Jeremy Reece Bischoff (born January 16, 2002) is an American former artistic gymnast. He was a member of the United States national gymnastics team and competed in collegiate gymnastics for the Stanford Cardinal and helped the Cardinal win four NCAA National Championships.

==Early life and education==
Jeremy Bischoff was born and raised in Santa Clarita, California, to Mia and David Bischoff. He has one sibling, Kiona. He attended Learning Post Academy and graduated in 2020. As a student-athlete at Stanford University, Bischoff majored in computer science. He started gymnastics at four years old and trained under Raj Bhavsar at Waller's Gymjam Academy.

==Gymnastics career==
===2018===
Individually, Bischoff placed first for the parallel bars title and placed second all-around at the 2018 Men's Junior Olympic National Championships in Oklahoma City, OK. He then helped his team earn bronze at the 2018 J.O. Nationals.

===2019===
Bischoff placed as regional and state all-around champion, and placed in the top ten in five out of the six apparatuses at the 2019 U.S. Gymnastics Championships in Kansas City, Missouri, leading to a fourth-place finish in the all-around. He placed third on floor exercise, fifth on horizontal bar, seventh on pommel horse, and eighth on still rings and parallel bars. His success at the U.S. Championships led to his selection for the Junior National Team (2019–20).

===2020-2021===
Bischoff competed in the junior division at 2020 Winter Cup and led his team to a third-place finish at the 2020 Elite Team Cup. He then committed to and began competing for the Stanford University's men's gymnastics team, where he competed in three meets for the 2020–2021 season and helped defend Stanford's team title as 2021 NCAA Championships.

===2022===
Bischoff managed a 13.850 on floor exercise and 13.250 on pommel horse at the Pac-12 Invite, and scored a 14.450 on parallel bars at California as his career best.

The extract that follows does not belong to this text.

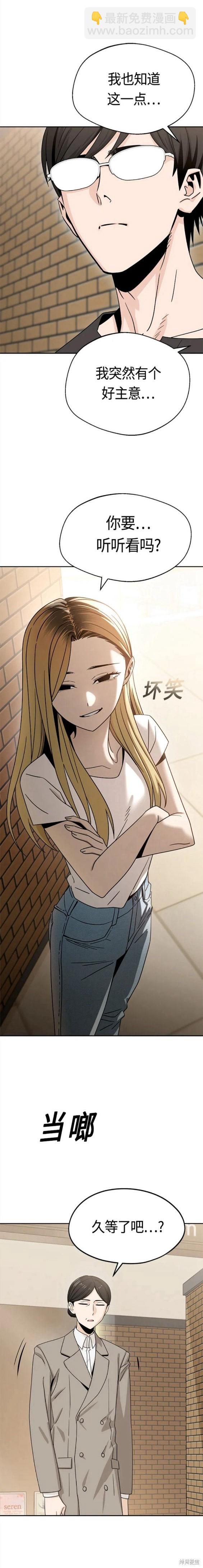 莫名成了天生一對 - 第52話 - 2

For his senior international debut, he alongside teammate Taylor Burkhart, competed at the Varna World Challenge Cup.

===2023===
Bischoff won his lone event title on the horizontal bar at the Cal Benefit Cup with a 14.000 and performed a season-best 14.400 on parallel bars at the Rocky Mountain Open. He then finished the season ranked seventh in the nation on parallel bars (14.100) and twenty-fifth on floor exercise (13.638), again helping Stanford to defend their national title at the 2023 NCAA Championships.

In March, Bischoff represented the United States at the DTB Pokal Mixed Cup in Stuttgart, Germany, alongside Senior Men Landon Blixt and Isaiah Drake,
leading his team to a fourth-place finish.

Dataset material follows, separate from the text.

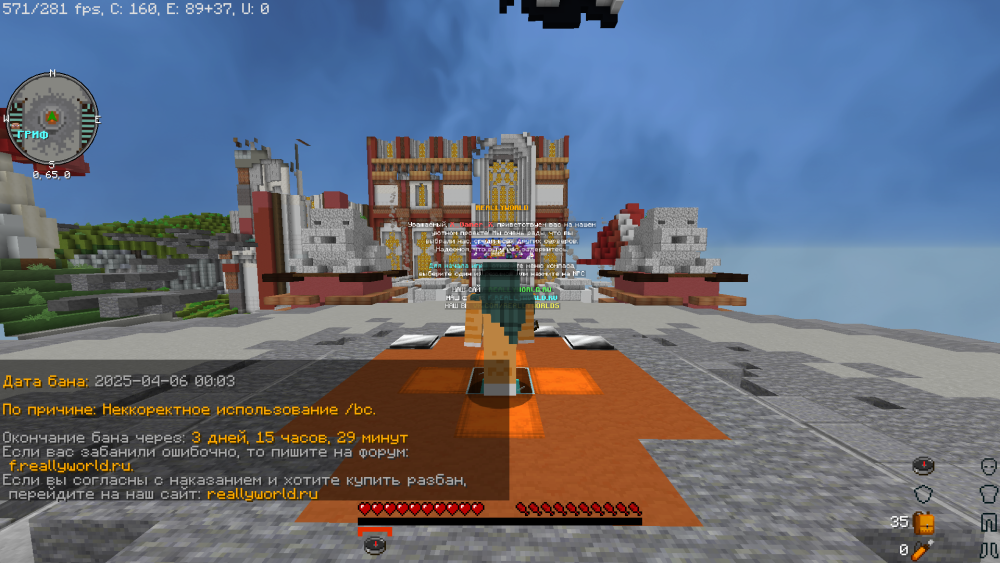 2025-04-06_08_34_02.thumb.png.a100f4b901d42c20110b96d4ac258f8b.png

In August, Bischoff competed at the 2023 Core Hydration Classic where he placed sixth overall. A few weeks later, Bischoff competed at the 2023 Xfinity National Championships, where he secured his spot on the senior national team.

===2024–2025===
Bischoff started the year strong at the 2024 Winter Cup, and re-secured his spot on the senior national team. He placed seventh in the all-around. and was crowned horizontal bar Silver Medalist, right behind Curran Phillips.

Bischoff competed at the 2024 MPSF Championships, where he helped Stanford place first as a team, competing on floor exercise and horizontal bar and placing second with a 14.35 and third with a 13.75, respectively. At the 2024 NCAA Championships, Bischoff competed on floor exercise and horizontal bar, placing eighth on the former and being named a 2024 NCAA All-American, helping secure Stanford's historic 5-peat NCAA championship title.

At the 2024 U.S. Xfinity Championships With a fifth-place finish on horizontal bar and twelfth place in the all-around, Bischoff retained his spot on the senior national team and qualified to compete at the 2024 U.S. Olympic Trials.

Bischoff announced his retirement from gymnastics on Instagram on May 7, 2025.

==Personal life==
Recently, Bischoff dabbled in some dancing, as shown in his feature as one of Stephen Nedoroscik's teammates in the finale of Dancing with the Stars with pro dancer Rylee Arnold. Their freestyle performance to Viva la Vida by Coldplay instantly became a fan-favorite among viewers, and earned Nedoroscik and Arnold their first perfect score of the season.